- Born: Wilfred Williams December 28, 1910 Waco, Texas
- Died: October 12, 1972 (aged 61) Chicago, Illinois
- Resting place: Burr Oak Cemetery

= Billy Williams (singer) =

American singer (1910–1972)

Wilfred Williams (December 28, 1910 - October 12, 1972) was an American singer. He had a successful cover recording of Fats Waller's "I'm Gonna Sit Right Down And Write Myself A Letter" in 1957. The record sold over one million copies, and was awarded a gold disc.

==Early years==
A Methodist minister's son, Williams was born in Waco, Texas. His early youth was spent in Texas before the family moved to Ohio. Growing up, he sang in choirs at churches where his father was the pastor, with his mother often the choir director.
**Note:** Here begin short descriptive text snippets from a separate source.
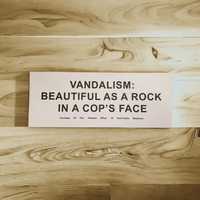Наклейка "VANDALISM"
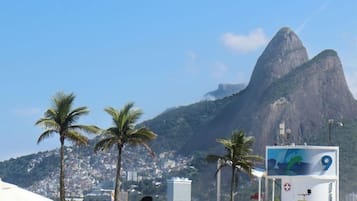 Na praia, areia branca, 6 bares na praia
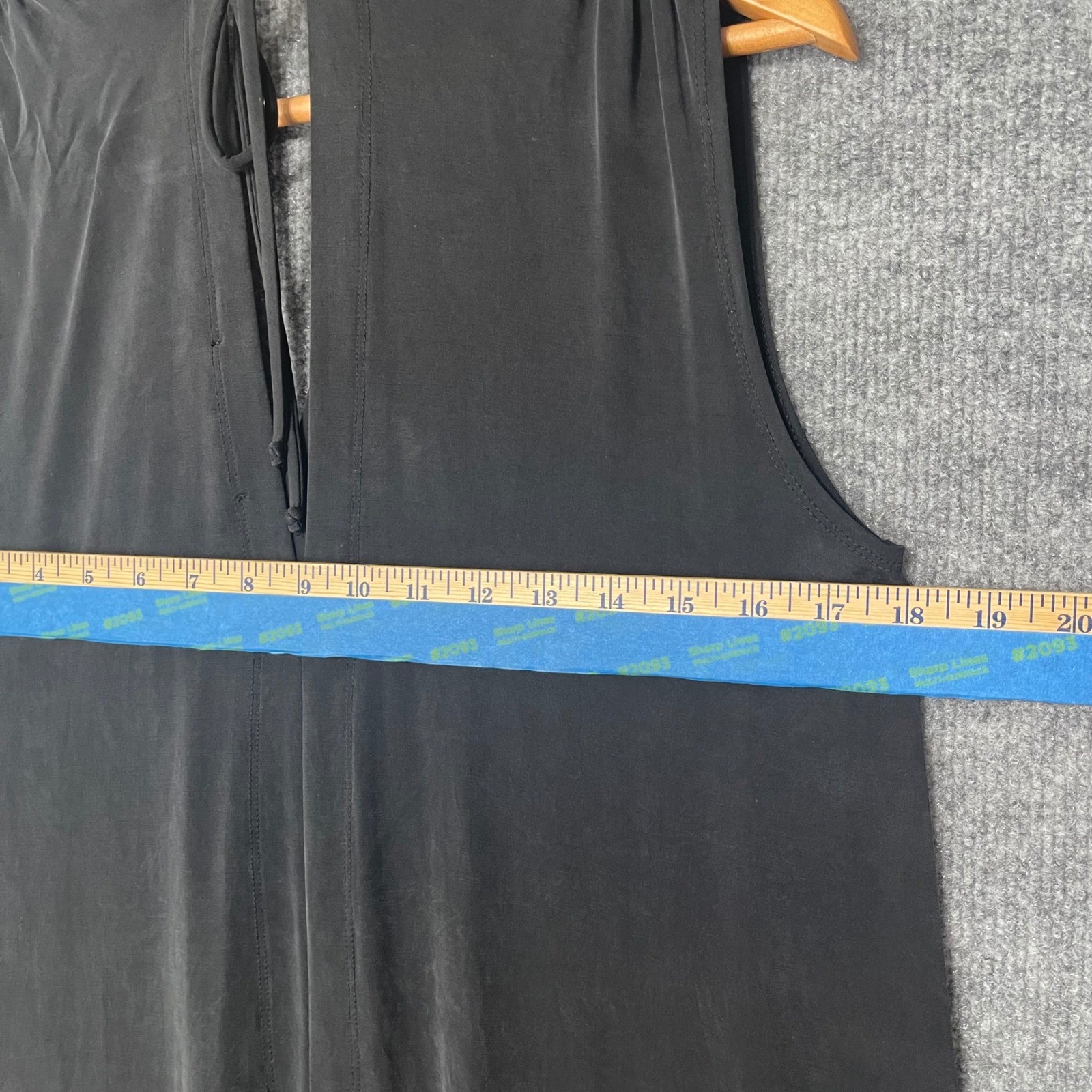 Eri + Ali Black Cupro Blend V-Neck Handkerchief Hem Shift Dress XS D5599-SB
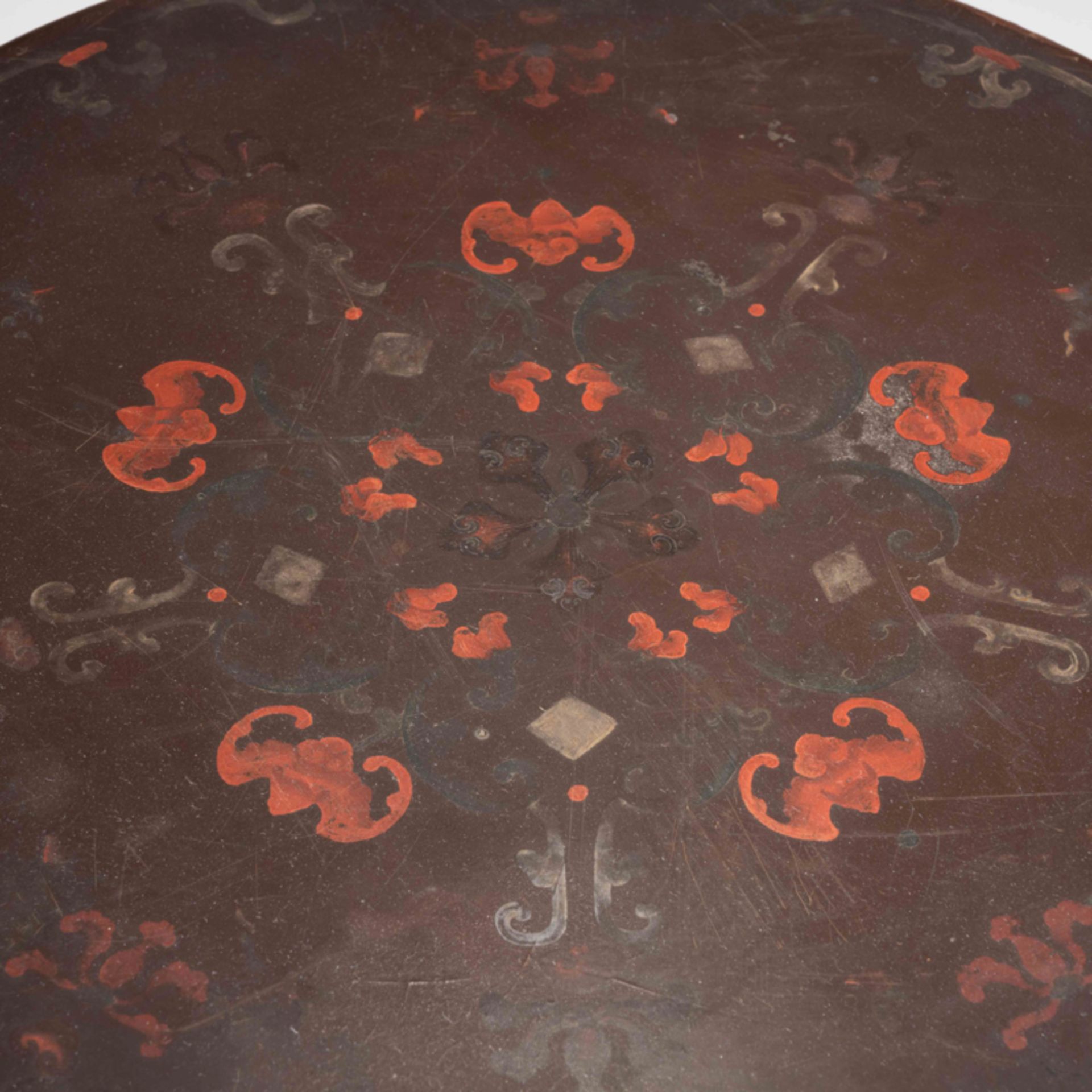 A LARGE CHINESE LACQUER BOX WITH PAINTED BAT DESIGN - Image 3 of 7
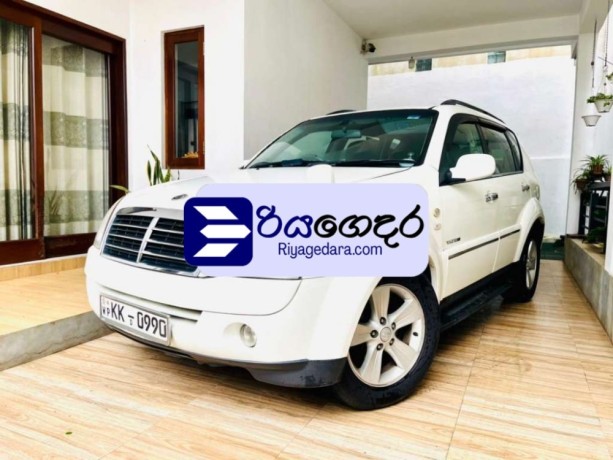 micro-rexton-2008-suv-big-0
He was frequently a soloist, and he also learned to help her arrange music.

== Military service ==
Williams served in the Army during World War II; he received a medical discharge in 1944.

==Career==
While a student at Wilberforce University, Williams became the lead singer of the Charioteers; he sang with the group from 1930 to 1950, when he formed his own Billy Williams Quartet with Eugene Dixon, Claude Riddick and John Ball. Many radio and television appearances followed: as regular guests and chorus on the Bing Crosby radio show from 1942 to 1946 and Your Show of Shows with Sid Caesar.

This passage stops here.